Hi Paul,

--On January 31, 2015 at 2:34:46 PM -0800 Paul Eggert <[email protected]> wrote:

some devices such as central heating controllers
would not need a processor capable of the sort of processing power
needed to handle that

Even the lowliest central heating controller can easily handle the entire
tz database, if only to discard unneeded parts as they're received.
We're talking kilobytes here, not gigabytes or even megabytes.

Well in this day and age the IETF really ought to also require an "Environmental Considerations" section in specs too, alongside "Security" and "Privacy". If that were a factor here (and I don't see why it would not be) then clearly sending all the data (and throwing away all but one) vs sending just one tz is an added impact on power usage for all devices involved (servers, clients, network hardware). Yes we are talking about kilobytes per device but you have to multiply that by the number of devices (which with internet of things is only going to increase beyond what we have now).

As with everything there are trade offs involved here. For a personal device, yes I do want strong privacy for key aspects of data that device might use (the obvious one being location information). However, for "fixed" devices, like a wall-clock in an office building, in all likelihood the exposure of revealing what time zone it is configure to use is likely small.

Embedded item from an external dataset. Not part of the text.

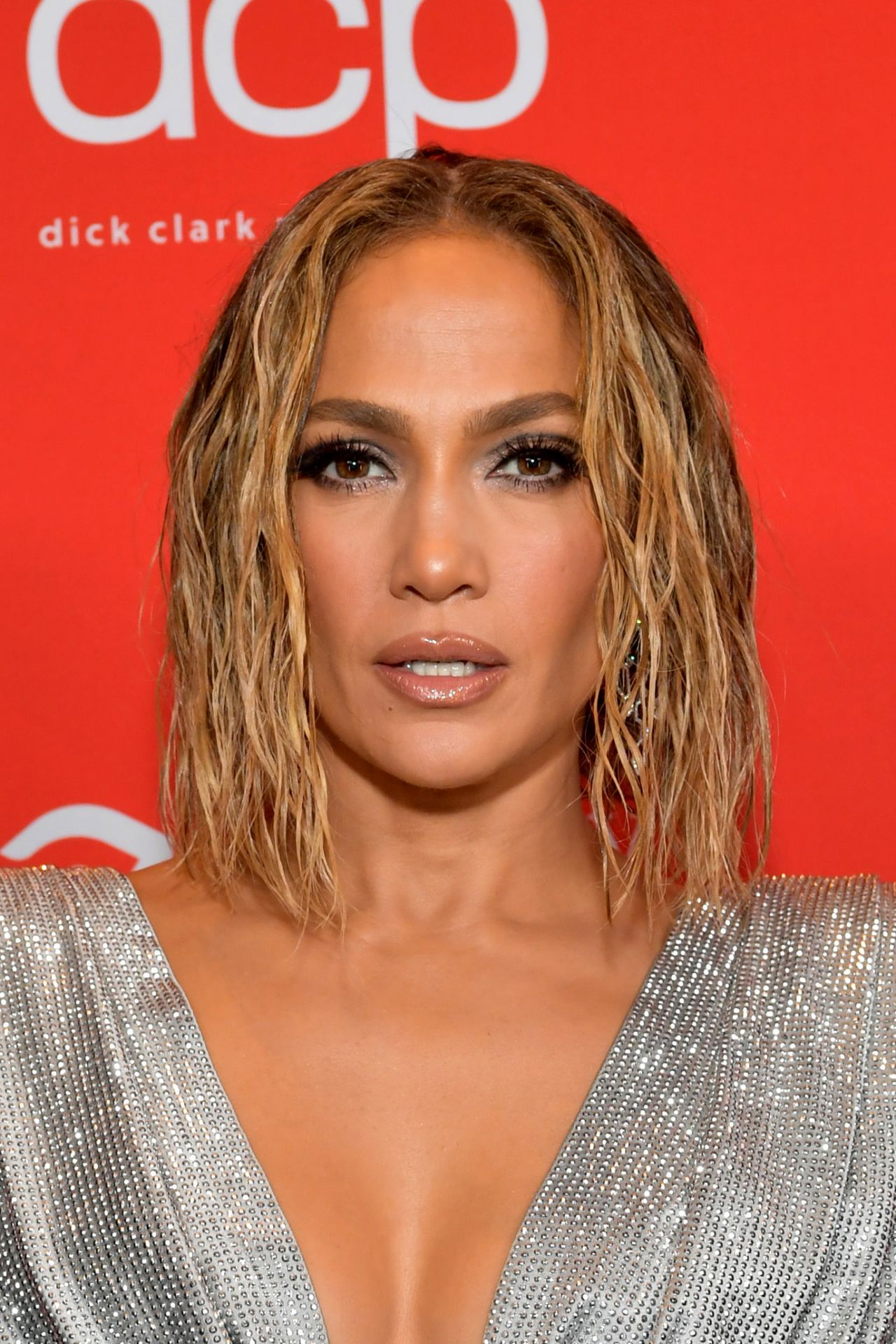 American Music Awards 2024: Jennifer Lopez Confirmed As Host American Music Awards 2024: Jennifer Lopez Confirmed As Host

At this point I do think it worthwhile to give clients the option to chose what is appropriate for them given the trade offs. So it does make sense to provide a "full set of tz data" option in the protocol to allow clients to get the entire set of current data without exposing which specific time zone(s) they are actually interested in (which would also remove the need for them to use etags). How about a "getall" action using a /allzones URI to retrieve all the data. The only tricky part might be explaining how the data is returned. For iCalendar-based formats that is easy as multiple VTIMEZONEs would be included in a single VCALENDAR calendar object. For the binary tz data format, I am not sure whether simply concatenating the binary data for all tzs is valid - that is something that that format will need to be clear about.